‘Just because the federal cost principles have a line in there about health and welfare does not mean that gym memberships are health and welfare things…’
(John Wynne, Liberty Headlines) Bonuses, barbecues, gym memberships, severance packages, and trips to the zoo – those are all expenses that some states deemed appropriate, as part of money received from the federal government for programs that would help prevent people from foreclosing on their homes in the aftermath of the worst recession in United States history.
Known as the Troubled Asset Relief program, or TARP, it was passed into law in the waning days of the George W. Bush administration and was widely perceived as a bill that would bail out banks.
But another function of the program was homeownership preservation, through which government entities would purchase mortgages and mortgage-backed securities to assist homeowners.
It appears, however, that loose regulations permitted states to abuse the program – resulting in massive fraud and waste.
The abuse was discussed extensively in a congressional hearing by the House Oversight Committee on Tuesday.
There were warning signs from the start, like when the GAO issued reports on “state implementation challenges” and a lack of clearly established goals and guidelines for states.
Astonishingly, the above-mentioned expenses were deemed as appropriate because of the loose guidelines, and much of the money has not been recoverable.
Rep. Jamie Raskin (D-Md.) noted there was “bipartisan anxiety” about the waste.
Raskin seemed particularly peeved that his home state was excluded from the program in the midst of it all.
The states included either experienced unemployment rates at or above the national average or home price declines of greater than twenty percent.
“This isn’t Raleigh,” said Rep. Mark Meadows (R-N.C.), who called for the hearing. “Actually, if we could operate DC as well as we do in Raleigh, we might be in a better position.”
Among those heard from was Christy Goldsmith-Romero, Special Inspector General for the Troubled Asset Relief Program (SIGTARP), who helped to uncover many of the abuses.
She noted that in Illinois, $549 worth of TARP money was spent at a pizza restaurant.
To celebrate an employee’s upcoming wedding – and to celebrate having just received TARP funds from the U.S. Treasury.
Goldsmith-Romero noted that under federal accounting principles, there are “necessary expenses, reasonable expenses” and allowable expenses, and that a Treasury Department lawyer early on warned that this would authorize “an almost unlimited number and variety of expenditures, rendering the TARP law meaningless.”

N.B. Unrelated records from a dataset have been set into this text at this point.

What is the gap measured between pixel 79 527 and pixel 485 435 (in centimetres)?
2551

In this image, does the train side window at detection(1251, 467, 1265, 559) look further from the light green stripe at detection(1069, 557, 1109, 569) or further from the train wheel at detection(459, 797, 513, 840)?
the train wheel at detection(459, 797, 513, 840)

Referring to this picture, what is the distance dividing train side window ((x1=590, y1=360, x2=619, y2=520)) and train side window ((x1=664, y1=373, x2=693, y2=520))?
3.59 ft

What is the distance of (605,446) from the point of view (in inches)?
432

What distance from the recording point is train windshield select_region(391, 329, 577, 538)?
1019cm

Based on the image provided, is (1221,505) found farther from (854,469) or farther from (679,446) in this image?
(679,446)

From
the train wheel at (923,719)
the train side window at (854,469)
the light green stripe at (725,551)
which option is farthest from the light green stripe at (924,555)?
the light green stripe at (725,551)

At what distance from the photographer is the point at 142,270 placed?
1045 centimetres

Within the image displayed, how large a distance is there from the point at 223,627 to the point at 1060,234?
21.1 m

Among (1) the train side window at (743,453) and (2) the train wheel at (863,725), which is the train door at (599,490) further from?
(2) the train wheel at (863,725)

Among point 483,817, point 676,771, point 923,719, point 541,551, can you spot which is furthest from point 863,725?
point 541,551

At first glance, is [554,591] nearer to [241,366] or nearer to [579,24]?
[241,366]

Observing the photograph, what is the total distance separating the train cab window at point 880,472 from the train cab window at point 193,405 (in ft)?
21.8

“Ultimately, every misused dollar is one less dollar for homeowners,” she stated.
Taxpayers in Nevada were among the hardest-hit by the misuse of funds.
Goldsmith-Romero reported one example of administrators spending some of the funds to move into a new, luxury building – before moving out after deciding the rent was too high.

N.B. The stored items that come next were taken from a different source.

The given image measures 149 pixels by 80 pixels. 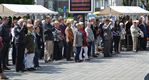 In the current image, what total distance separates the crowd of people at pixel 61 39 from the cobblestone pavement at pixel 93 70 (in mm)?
509

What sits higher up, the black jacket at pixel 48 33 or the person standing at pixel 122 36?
the black jacket at pixel 48 33

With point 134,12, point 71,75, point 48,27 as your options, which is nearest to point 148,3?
point 134,12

They eventually spent over $20,000 in the funds on legal fees after they broke the lease.
Kipp Kranbulh of the U.S. Department of the Treasury was grilled for his department’s role in administration of the funds.
“I can’t speak for why the states make decisions they make, but they are required to follow federal cost principles in all of their administrative expenses, and that is the standard they’re required to follow,” he said.
His answers did not seem to satisfy members on the committee.
“Oh, for God’s sake!” exclaimed Rep. Gerry Connolly (D-Va.), when Kranbuhl failed to clarify whether gym memberships were a proper use of federal funds.
Goldsmith-Romero responded that state agencies were interpreting regulations very loosely to get the result they wanted, using the example of gym memberships for employees.
“Just because the federal cost principles have a line in there about health and welfare does not mean that gym memberships are health and welfare things are actually necessary and what Congress intended, and that is being lost … I think any government agency would be amazed to think that they can spend money on lavish Christmas parties, taking people on trips, even just purchasing lunch for the office on a daily or weekly basis.”
While SIGTARP has helped bring many abuses to light and has recovered a substantial amount of money for the taxpayers, it was noted that, ten years after the law was enacted, many states are winding down their TARP programs.
Less than one percent of all funds initially set aside for the program are still available.
The hearing appeared to be beneficial for members on the committee, but Rep. Connolly seemed irritated that Congress was not looking at wasteful spending in other areas.
He noted the management of the Environmental Protection Agency (EPA) under Scott Pruitt and suggested that the Committee look into wasteful spending by the Trump Cabinet.